Download all the cities, towns, villages

Tap into a single dataset that covers cities, towns, villages, and hamlets worldwide. Every record comes directly from OpenStreetMap, so you benefit from the platform’s community-verified coverage and frequent updates.

Salt Lake City example showing populated place and administrative boundary outlines

Salt Lake City boundary overlay generated from the dataset.

Each entry includes the essentials you need for analysis or app development:

primary and alternate names, plus the full display label
detailed address hierarchy down to ISO country codes
population figures when available
centroid coordinates and bounding boxes
unique OSM identifiers (osm_id, osm_type) for precise referencing
optional border data that links the place to its administrative geometry

Use the identifiers to jump into the Geoapify Place Details API for richer geometry or attribution, or keep everything offline by working straight from the downloadable files.

About This Dataset

We ship the data as country-specific archives using the ISO alpha-2 code. Typical filenames look like us.zip for the United States, ca.zip for Canada, or de.zip for Germany.

Inside each archive you’ll find up to four newline-delimited JSON files, one per settlement tier:

place-city.ndjson
place-town.ndjson
place-village.ndjson
place-hamlet.ndjson

Download only the granularity you need—no planet-scale unzip just to work with a single country.

We use ndjson (newline delimited JSON), which allows you to read the files line by line.

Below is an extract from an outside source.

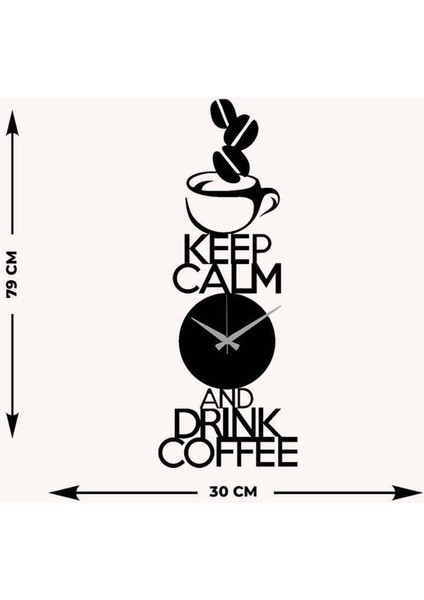 Daily Dose Coffee Metal Duvar Saati -Ev Dekorasyon - 30 X 80 - Cm - Siyah - Clock-181 indirimleri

This data format is particularly useful for handling large datasets efficiently and seamlessly.

How we compile the dataset

We curate the records directly from OpenStreetMap with two complementary passes:

Settlements (place=*) – we pick up every feature tagged as city, town, village, or hamlet.
Administrative boundaries – we add polygons tagged as boundary=administrative when they reference the same settlement level (through linked_place, border_type, or place tags) or clearly represent municipal areas via their admin_level.

This approach gives you both the populated place features and the boundaries that frame them.

Heads-up: When we import boundaries we first try to attach them to the matching populated place. If the boundary exists on its own (no place=* partner), we still include it and set inferred_type to the settlement level it represents—city, town, village, or hamlet. That flag tells you how to categorise the record even though the original OSM feature is tagged only as boundary=administrative. Some areas in OSM remain mapped this way, so you may encounter boundary-only rows until local mappers add the corresponding place nodes or ways.

Dataset Schema

Each record in the download follows the same schema so you can switch between countries without remapping columns:

name, other_names, and display_name capture the primary and alternate labels for the place.
address provides the nested administrative hierarchy such as county, state, ISO codes, and country code.
population contains the crowd-sourced population value when it exists in OSM.
osm_type, osm_id, and type identify the original OpenStreetMap feature and its settlement level.
location and bbox store the centroid coordinates and bounding box in [lon, lat] order.
border links to the matching administrative geometry (single object or array) and inferred_type flags inferred settlement levels when only a boundary is available.

The table below summarises every field:

Field	Description
name	The name of the place, e.g., "North Vancouver," "Aachen," "Edmonton."
other_names	A dictionary of alternate names in various languages and official names where applicable.
display_name	The full display name, including location details such as regional districts, states, and countries.
address	Information about the location, including city name, county, state, country, country code, etc.
population	The population of the place.
osm_type	The data type in the OpenStreetMap database (e.g., "relation", "node" or "way").
osm_id	The unique identifier in the OpenStreetMap database for the place.
type	The place classification provided by OSM, such as `city`, `town`, `village`, or `administrative`.
location	The geographical coordinates of the place as `[longitude, latitude]`.
bbox	The bounding box `[minLon, minLat, maxLon, maxLat]` describing the geographic extent of the place.
border	Optional matching `boundary=administrative` feature(s) linked to the place. Depending on the source it can be a single object or an array of objects with the same fields as the top-level record.
inferred_type	When only an administrative boundary exists, this field indicates the settlement level we inferred for the place.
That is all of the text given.